● **DATA FOR THIS TASK**

*** Block opens ***

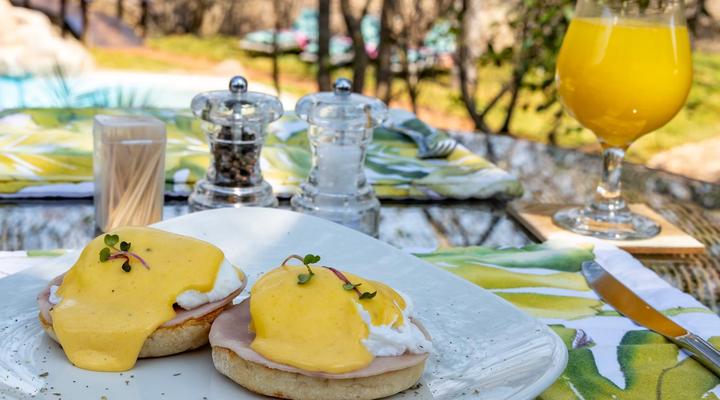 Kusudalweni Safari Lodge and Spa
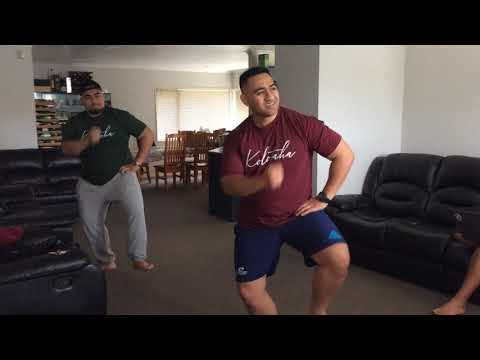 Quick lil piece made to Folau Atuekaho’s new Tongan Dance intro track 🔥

*** Block closes ***
*** Block opens ***

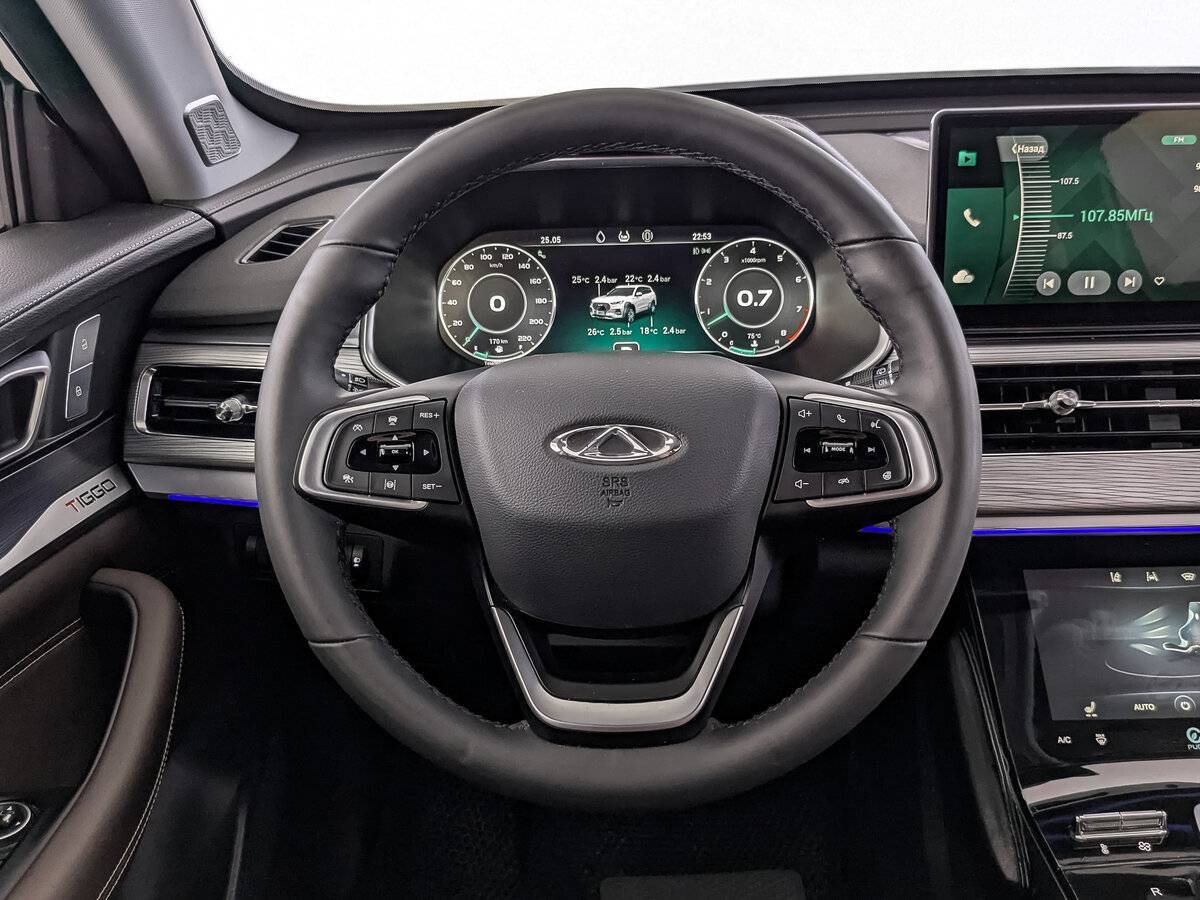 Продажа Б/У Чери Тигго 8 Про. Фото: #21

*** Block closes ***

● **ACTIVITY**
Out of the records above, please copy exactly the lines from the line with "Kusudalweni Safari Lodge and Spa" up to and including the line with "Quick lil piece", minus the pictures.

● **SOLUTION FOR THIS PROBLEM**
 Kusudalweni Safari Lodge and Spa
 Quick lil piece made to Folau Atuekaho’s new Tongan Dance intro track 🔥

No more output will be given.